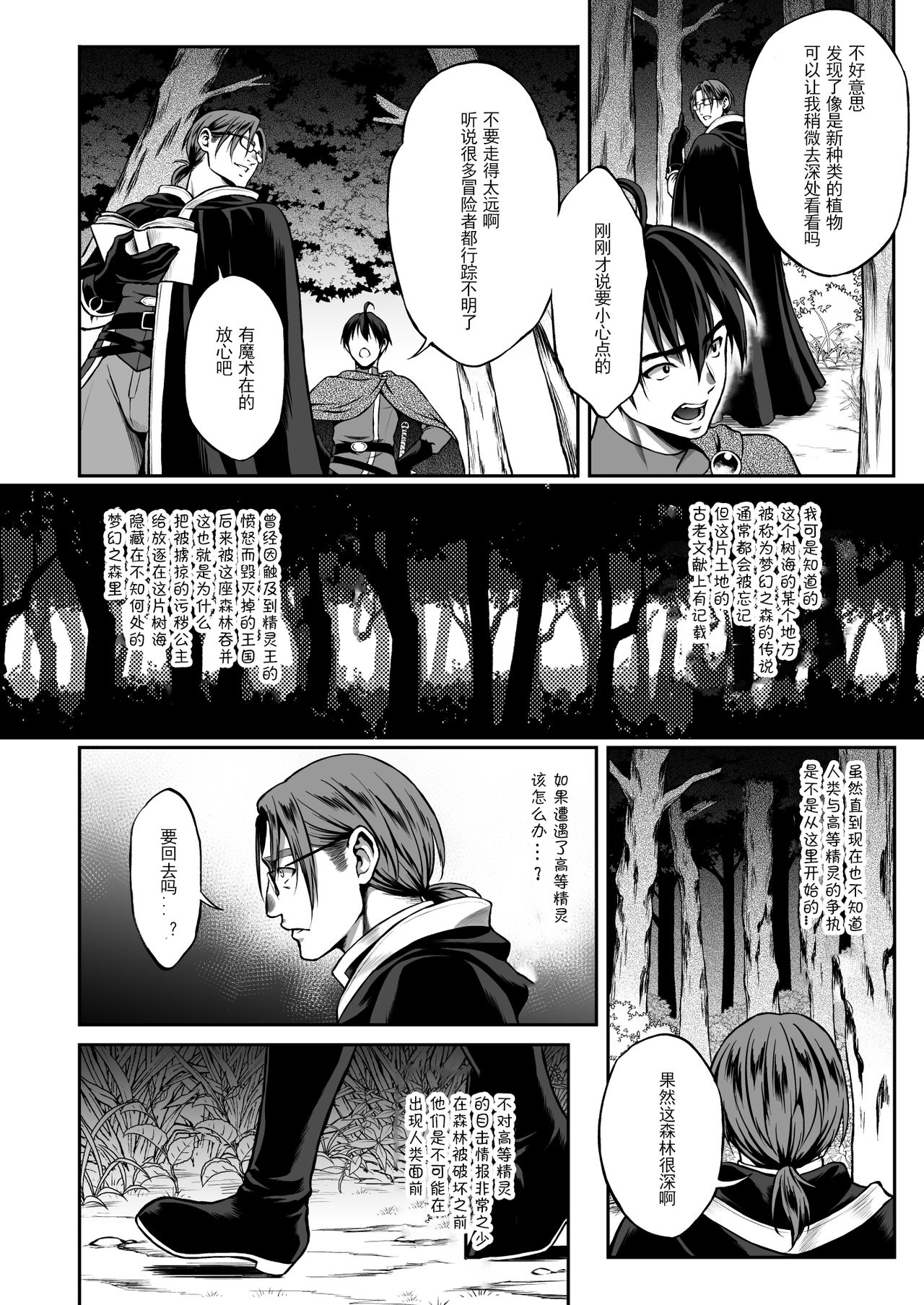 [日本漫画] 悠久の娼エルフ3「夢幻」前編 单本,足控,妖精#[47P]-7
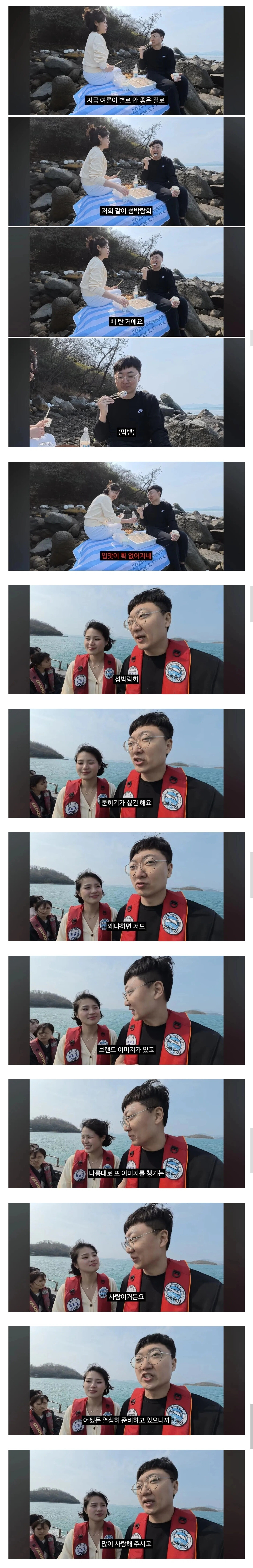 게시물 이미지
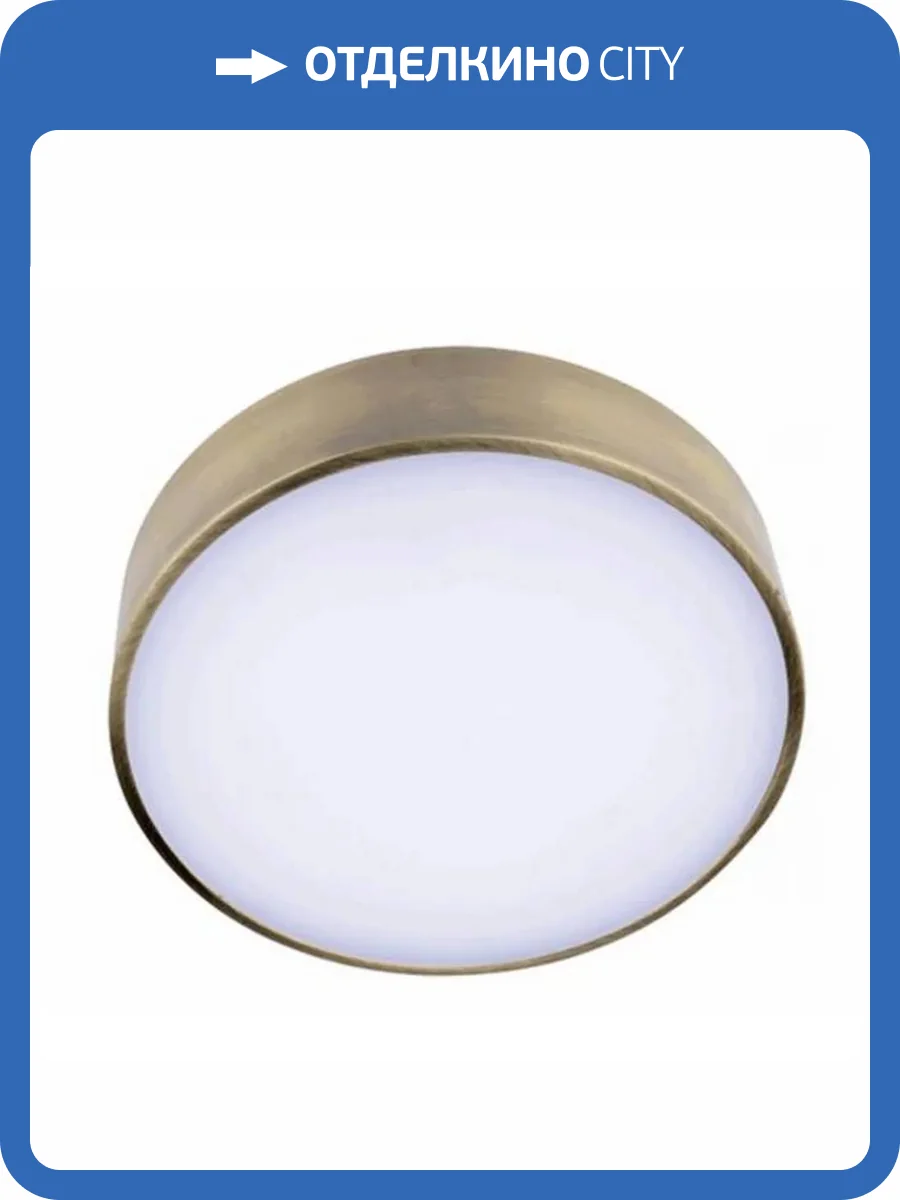 Потолочный светильник Aployt Evon APL.0114.29.12 фото 2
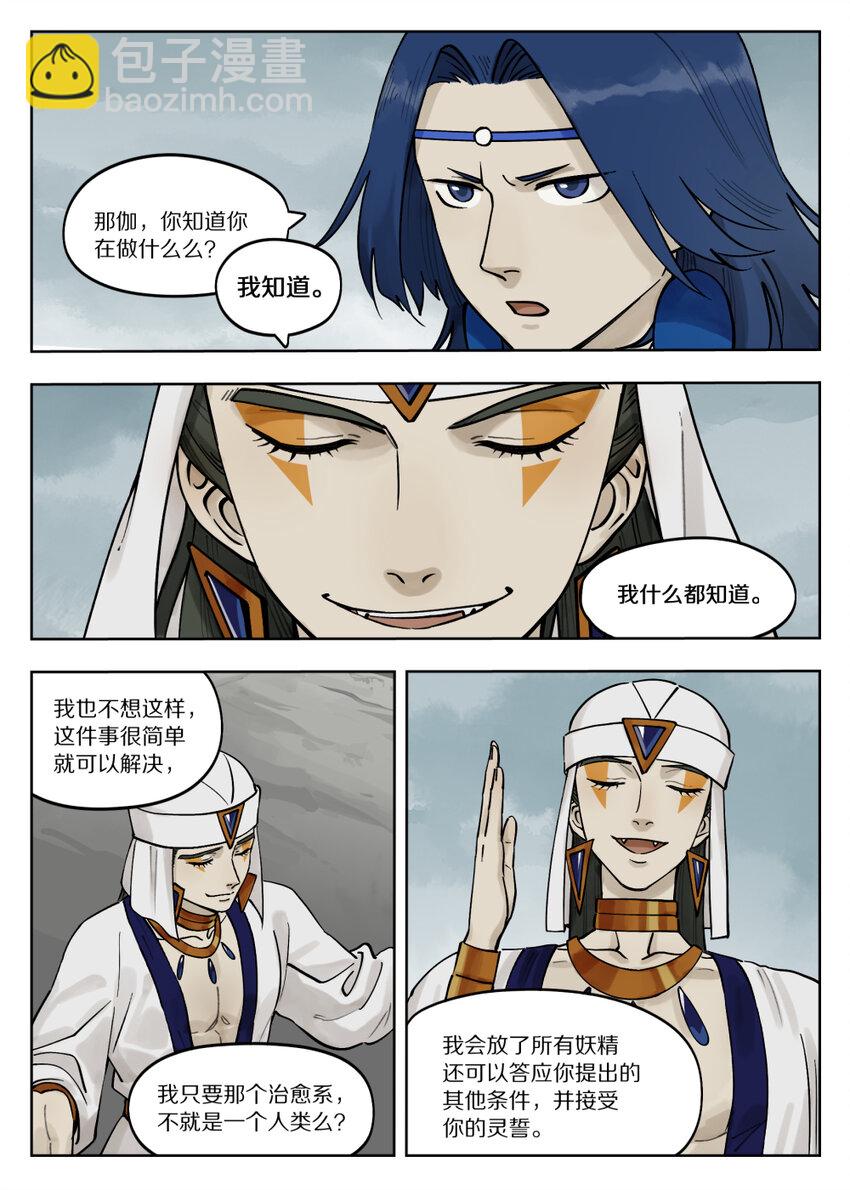 《罗小黑战记·蓝溪镇》089 筹码 第2页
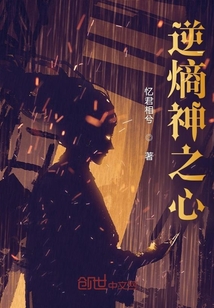 逆熵神之心
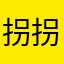 拐拐1999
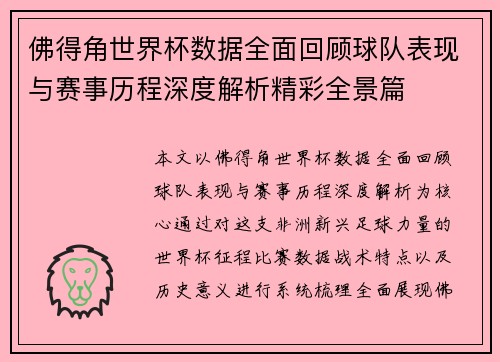 佛得角世界杯数据全面回顾球队表现与赛事历程深度解析精彩全景篇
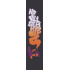Griptape Hella Grip Campfire orange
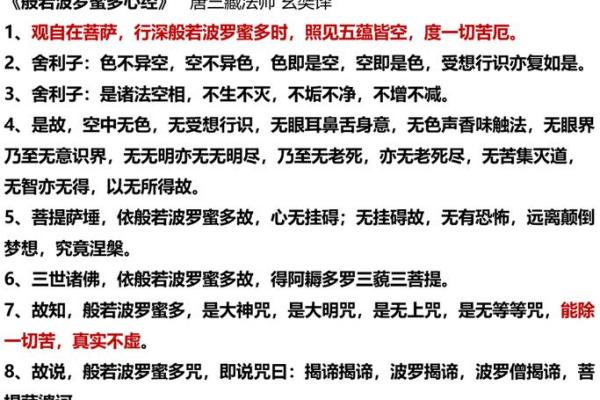 紫微斗数之夫妻宫与诸星，贪狼星在夫妻宫是什么意思？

────

__Assigned task__.
Could you retype the records above exactly, omitting the pictures?

__Answer space__.
 [日本漫画] 悠久の娼エルフ3「夢幻」前編 单本,足控,妖精#[47P]-7
 게시물 이미지
 Потолочный светильник Aployt Evon APL.0114.29.12 фото 2
 《罗小黑战记·蓝溪镇》089 筹码 第2页
 逆熵神之心
 拐拐1999
 佛得角世界杯数据全面回顾球队表现与赛事历程深度解析精彩全景篇
Griptape Hella Grip Campfire orange
 紫微斗数之夫妻宫与诸星，贪狼星在夫妻宫是什么意思？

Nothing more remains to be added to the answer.